**EXERCISE DIRECTIONS**
The full set of lines below has to be duplicated exactly, with no picture kept.

(MATERIAL SUPPLIED begins)

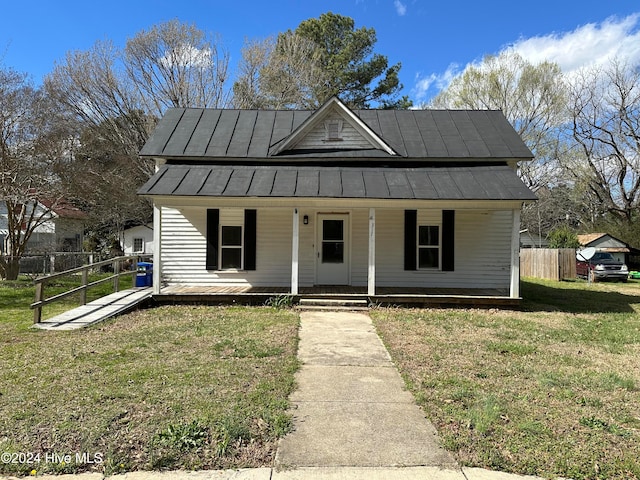 view of front facade with a porch and a front lawn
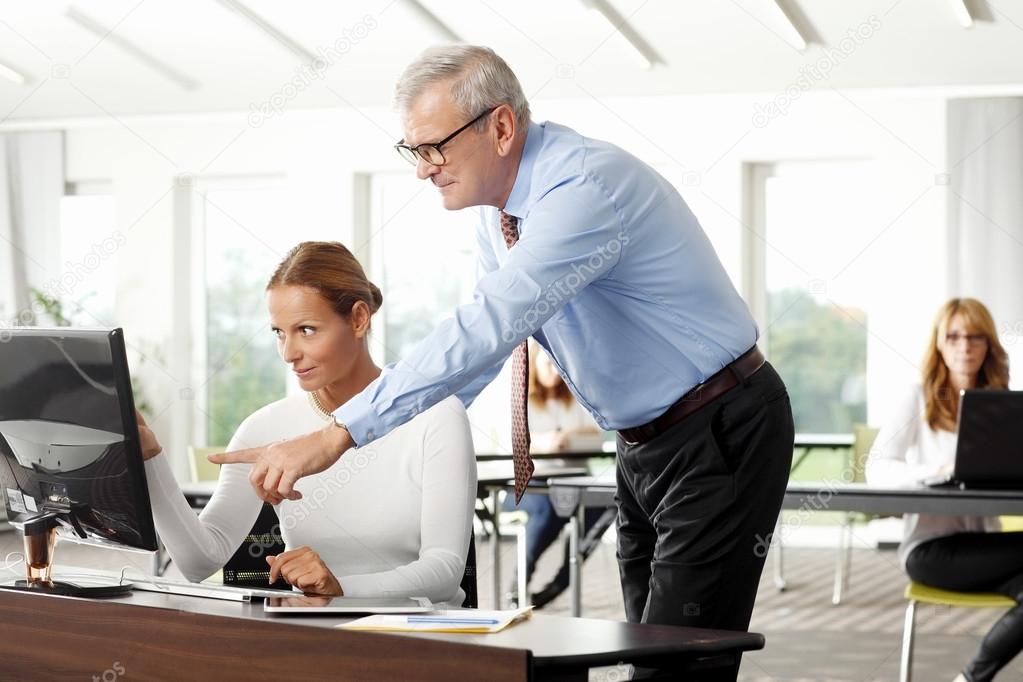 Businessman giving advise to sales woman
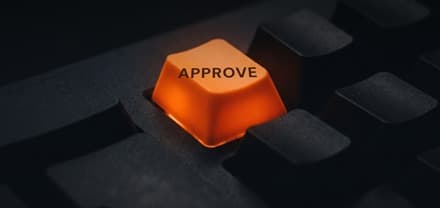 Glowing approve key on a dark keyboard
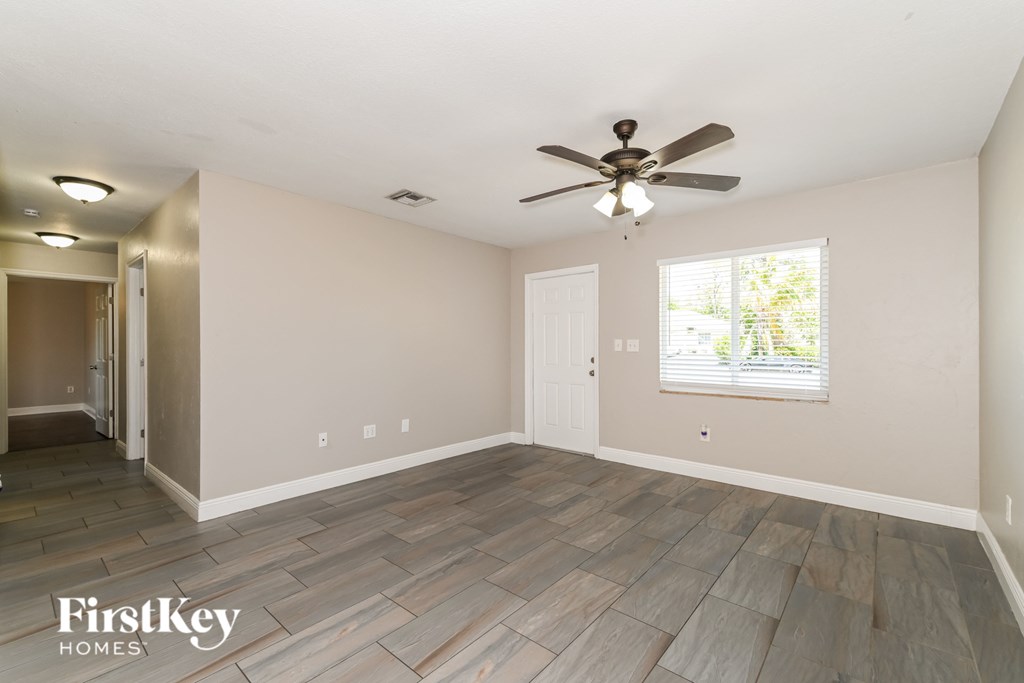 A room with a ceiling fan and wooden flooring.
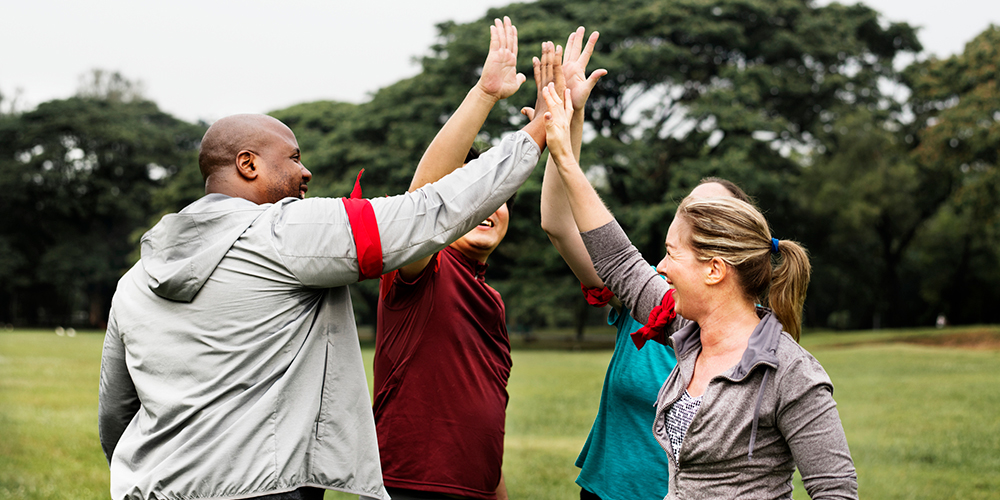 Friends high five after exercising together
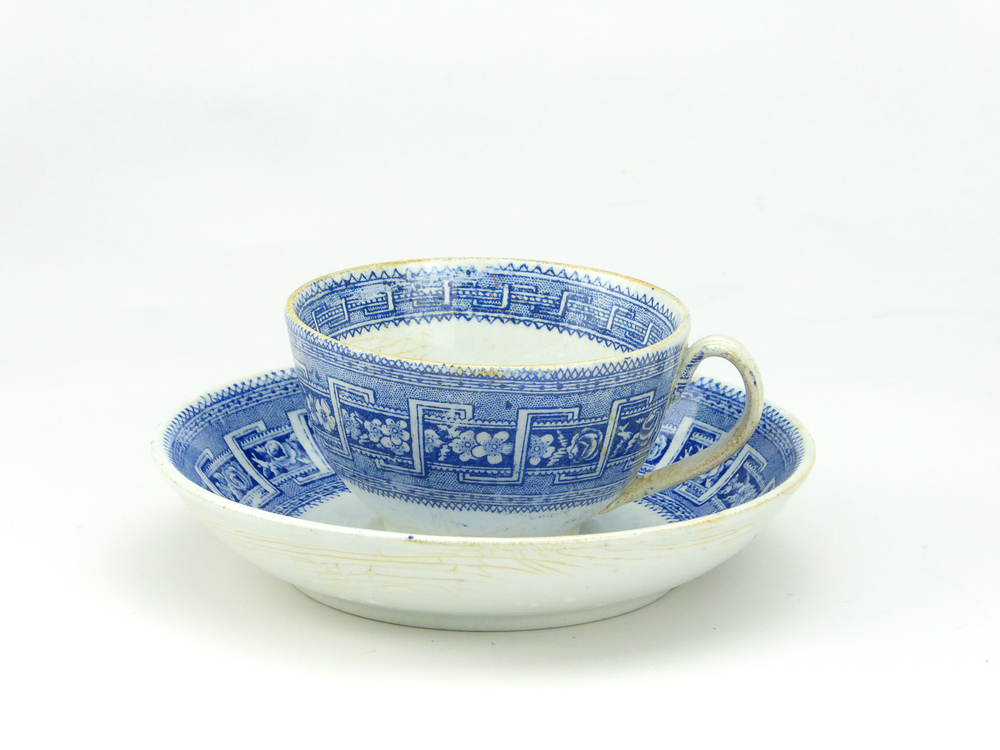 aardewerken kop en schotel van het merk Petrus Regout & Co, Maastricht, kop diameter 8 cm, schotel diameter 13,5 cm, op buiten en binnenkant blauwe decoratie van bloemen en wolfsangel, blindmerk 4, gemerkt met beeldmerk 71 A van Petrus Regout, schotel decornaam Border, opgedoken door British Sub Aqua Club, Branch 501, ook wel de 501 Divers uit Folkstone, uit het wrak van de op 19 november 1887 na een aanvaring met het stoomschip Rosa Mary gezonken stoomschip W.A. Scholten, via hun woordvoerder Glyn Jones geschonken aan het Veenkoloniaal Museum.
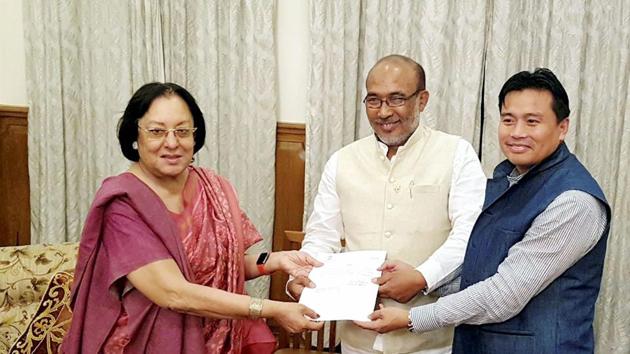 Manipur Governor Najma Heptulla handing over the invitation letter to BJP leader Nongthombam Biren Singh to form the government of Manipur at Raj Bhavan, Imphal , Manipur on Tuesday. (PTI Photo) Manipur Governor Najma Heptulla handing over the invitation letter to BJP leader Nongthombam Biren Singh to form the government of Manipur at Raj Bhavan, Imphal , Manipur on Tuesday. (PTI Photo)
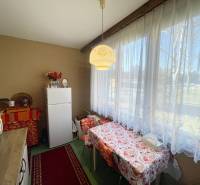 Konyha a háromszobás lakásban étkezőasztallal és nagy ablakkal.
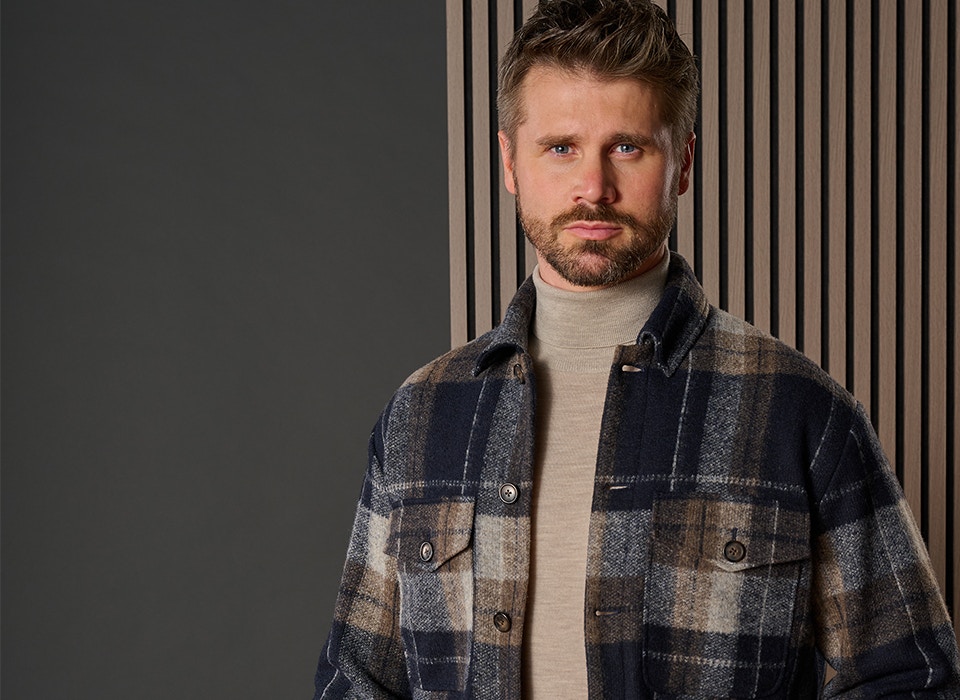 Thore Schölermann posiert mit einer blau karierten Hemdjacke von VENTI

(MATERIAL SUPPLIED ends)

**TASK RESULT**
 view of front facade with a porch and a front lawn
 Businessman giving advise to sales woman
 Glowing approve key on a dark keyboard
 A room with a ceiling fan and wooden flooring.
 Friends high five after exercising together
 aardewerken kop en schotel van het merk Petrus Regout & Co, Maastricht, kop diameter 8 cm, schotel diameter 13,5 cm, op buiten en binnenkant blauwe decoratie van bloemen en wolfsangel, blindmerk 4, gemerkt met beeldmerk 71 A van Petrus Regout, schotel decornaam Border, opgedoken door British Sub Aqua Club, Branch 501, ook wel de 501 Divers uit Folkstone, uit het wrak van de op 19 november 1887 na een aanvaring met het stoomschip Rosa Mary gezonken stoomschip W.A. Scholten, via hun woordvoerder Glyn Jones geschonken aan het Veenkoloniaal Museum.
 Manipur Governor Najma Heptulla handing over the invitation letter to BJP leader Nongthombam Biren Singh to form the government of Manipur at Raj Bhavan, Imphal , Manipur on Tuesday. (PTI Photo) Manipur Governor Najma Heptulla handing over the invitation letter to BJP leader Nongthombam Biren Singh to form the government of Manipur at Raj Bhavan, Imphal , Manipur on Tuesday. (PTI Photo)
 Konyha a háromszobás lakásban étkezőasztallal és nagy ablakkal.
 Thore Schölermann posiert mit einer blau karierten Hemdjacke von VENTI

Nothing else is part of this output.